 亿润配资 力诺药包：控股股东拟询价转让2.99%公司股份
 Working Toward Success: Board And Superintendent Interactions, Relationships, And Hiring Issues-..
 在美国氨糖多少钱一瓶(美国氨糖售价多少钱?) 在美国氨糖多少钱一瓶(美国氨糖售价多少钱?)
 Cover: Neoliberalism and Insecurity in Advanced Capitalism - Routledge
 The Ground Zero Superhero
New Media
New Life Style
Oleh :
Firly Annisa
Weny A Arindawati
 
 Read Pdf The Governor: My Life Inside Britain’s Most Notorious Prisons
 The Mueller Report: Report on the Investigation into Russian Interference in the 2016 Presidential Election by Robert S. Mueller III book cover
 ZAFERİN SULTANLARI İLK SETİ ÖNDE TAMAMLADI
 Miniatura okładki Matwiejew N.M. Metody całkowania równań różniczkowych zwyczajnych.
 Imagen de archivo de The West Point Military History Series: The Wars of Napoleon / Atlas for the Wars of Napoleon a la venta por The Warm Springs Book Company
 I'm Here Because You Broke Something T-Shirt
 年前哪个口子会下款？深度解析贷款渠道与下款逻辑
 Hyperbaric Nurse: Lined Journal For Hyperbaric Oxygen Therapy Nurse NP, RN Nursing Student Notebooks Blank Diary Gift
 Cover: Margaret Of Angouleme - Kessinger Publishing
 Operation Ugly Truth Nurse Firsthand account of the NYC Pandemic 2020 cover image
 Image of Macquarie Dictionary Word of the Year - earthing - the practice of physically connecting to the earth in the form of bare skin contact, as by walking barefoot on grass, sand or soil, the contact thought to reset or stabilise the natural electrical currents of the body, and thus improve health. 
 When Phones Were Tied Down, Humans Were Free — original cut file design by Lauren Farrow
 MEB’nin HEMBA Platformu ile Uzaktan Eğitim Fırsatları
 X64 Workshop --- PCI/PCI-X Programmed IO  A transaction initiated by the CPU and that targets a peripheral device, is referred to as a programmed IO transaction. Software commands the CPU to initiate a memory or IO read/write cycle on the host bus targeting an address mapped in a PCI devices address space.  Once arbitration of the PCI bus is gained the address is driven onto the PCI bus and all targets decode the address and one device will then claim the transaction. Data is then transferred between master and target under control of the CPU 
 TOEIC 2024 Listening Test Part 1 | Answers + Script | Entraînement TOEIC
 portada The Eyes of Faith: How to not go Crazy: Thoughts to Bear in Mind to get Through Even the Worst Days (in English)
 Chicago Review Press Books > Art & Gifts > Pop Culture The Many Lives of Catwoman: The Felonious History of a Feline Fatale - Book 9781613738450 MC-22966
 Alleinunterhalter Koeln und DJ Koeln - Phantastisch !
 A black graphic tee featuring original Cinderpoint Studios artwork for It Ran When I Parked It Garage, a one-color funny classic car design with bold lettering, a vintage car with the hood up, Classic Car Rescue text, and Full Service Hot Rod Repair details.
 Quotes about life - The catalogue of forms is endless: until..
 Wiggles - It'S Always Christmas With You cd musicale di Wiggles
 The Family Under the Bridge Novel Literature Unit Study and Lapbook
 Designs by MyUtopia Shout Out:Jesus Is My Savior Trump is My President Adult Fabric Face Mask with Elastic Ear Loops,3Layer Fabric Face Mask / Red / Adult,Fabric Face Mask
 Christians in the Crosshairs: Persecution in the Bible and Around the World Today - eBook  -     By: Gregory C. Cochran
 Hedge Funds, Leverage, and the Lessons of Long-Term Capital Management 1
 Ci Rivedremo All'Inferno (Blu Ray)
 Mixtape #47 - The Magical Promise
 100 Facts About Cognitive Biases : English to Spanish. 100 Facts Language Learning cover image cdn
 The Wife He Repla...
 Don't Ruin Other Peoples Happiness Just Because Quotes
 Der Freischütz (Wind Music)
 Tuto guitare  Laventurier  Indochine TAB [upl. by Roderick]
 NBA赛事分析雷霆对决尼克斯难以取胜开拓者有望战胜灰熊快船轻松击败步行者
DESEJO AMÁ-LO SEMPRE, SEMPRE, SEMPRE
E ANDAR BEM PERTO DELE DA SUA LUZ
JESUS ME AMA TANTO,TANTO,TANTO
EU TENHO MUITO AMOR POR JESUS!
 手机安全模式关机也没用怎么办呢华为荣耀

— What to do —
Transcribe the material above in its entirety, precisely as written.

— Exercise response —
 亿润配资 力诺药包：控股股东拟询价转让2.99%公司股份
 Working Toward Success: Board And Superintendent Interactions, Relationships, And Hiring Issues-..
 在美国氨糖多少钱一瓶(美国氨糖售价多少钱?) 在美国氨糖多少钱一瓶(美国氨糖售价多少钱?)
 Cover: Neoliberalism and Insecurity in Advanced Capitalism - Routledge
 The Ground Zero Superhero
New Media
New Life Style
Oleh :
Firly Annisa
Weny A Arindawati
 
 Read Pdf The Governor: My Life Inside Britain’s Most Notorious Prisons
 The Mueller Report: Report on the Investigation into Russian Interference in the 2016 Presidential Election by Robert S. Mueller III book cover
 ZAFERİN SULTANLARI İLK SETİ ÖNDE TAMAMLADI
 Miniatura okładki Matwiejew N.M. Metody całkowania równań różniczkowych zwyczajnych.
 Imagen de archivo de The West Point Military History Series: The Wars of Napoleon / Atlas for the Wars of Napoleon a la venta por The Warm Springs Book Company
 I'm Here Because You Broke Something T-Shirt
 年前哪个口子会下款？深度解析贷款渠道与下款逻辑
 Hyperbaric Nurse: Lined Journal For Hyperbaric Oxygen Therapy Nurse NP, RN Nursing Student Notebooks Blank Diary Gift
 Cover: Margaret Of Angouleme - Kessinger Publishing
 Operation Ugly Truth Nurse Firsthand account of the NYC Pandemic 2020 cover image
 Image of Macquarie Dictionary Word of the Year - earthing - the practice of physically connecting to the earth in the form of bare skin contact, as by walking barefoot on grass, sand or soil, the contact thought to reset or stabilise the natural electrical currents of the body, and thus improve health. 
 When Phones Were Tied Down, Humans Were Free — original cut file design by Lauren Farrow
 MEB’nin HEMBA Platformu ile Uzaktan Eğitim Fırsatları
 X64 Workshop --- PCI/PCI-X Programmed IO  A transaction initiated by the CPU and that targets a peripheral device, is referred to as a programmed IO transaction. Software commands the CPU to initiate a memory or IO read/write cycle on the host bus targeting an address mapped in a PCI devices address space.  Once arbitration of the PCI bus is gained the address is driven onto the PCI bus and all targets decode the address and one device will then claim the transaction. Data is then transferred between master and target under control of the CPU 
 TOEIC 2024 Listening Test Part 1 | Answers + Script | Entraînement TOEIC
 portada The Eyes of Faith: How to not go Crazy: Thoughts to Bear in Mind to get Through Even the Worst Days (in English)
 Chicago Review Press Books > Art & Gifts > Pop Culture The Many Lives of Catwoman: The Felonious History of a Feline Fatale - Book 9781613738450 MC-22966
 Alleinunterhalter Koeln und DJ Koeln - Phantastisch !
 A black graphic tee featuring original Cinderpoint Studios artwork for It Ran When I Parked It Garage, a one-color funny classic car design with bold lettering, a vintage car with the hood up, Classic Car Rescue text, and Full Service Hot Rod Repair details.
 Quotes about life - The catalogue of forms is endless: until..
 Wiggles - It'S Always Christmas With You cd musicale di Wiggles
 The Family Under the Bridge Novel Literature Unit Study and Lapbook
 Designs by MyUtopia Shout Out:Jesus Is My Savior Trump is My President Adult Fabric Face Mask with Elastic Ear Loops,3Layer Fabric Face Mask / Red / Adult,Fabric Face Mask
 Christians in the Crosshairs: Persecution in the Bible and Around the World Today - eBook  -     By: Gregory C. Cochran
 Hedge Funds, Leverage, and the Lessons of Long-Term Capital Management 1
 Ci Rivedremo All'Inferno (Blu Ray)
 Mixtape #47 - The Magical Promise
 100 Facts About Cognitive Biases : English to Spanish. 100 Facts Language Learning cover image cdn
 The Wife He Repla...
 Don't Ruin Other Peoples Happiness Just Because Quotes
 Der Freischütz (Wind Music)
 Tuto guitare  Laventurier  Indochine TAB [upl. by Roderick]
 NBA赛事分析雷霆对决尼克斯难以取胜开拓者有望战胜灰熊快船轻松击败步行者
DESEJO AMÁ-LO SEMPRE, SEMPRE, SEMPRE
E ANDAR BEM PERTO DELE DA SUA LUZ
JESUS ME AMA TANTO,TANTO,TANTO
EU TENHO MUITO AMOR POR JESUS!
 手机安全模式关机也没用怎么办呢华为荣耀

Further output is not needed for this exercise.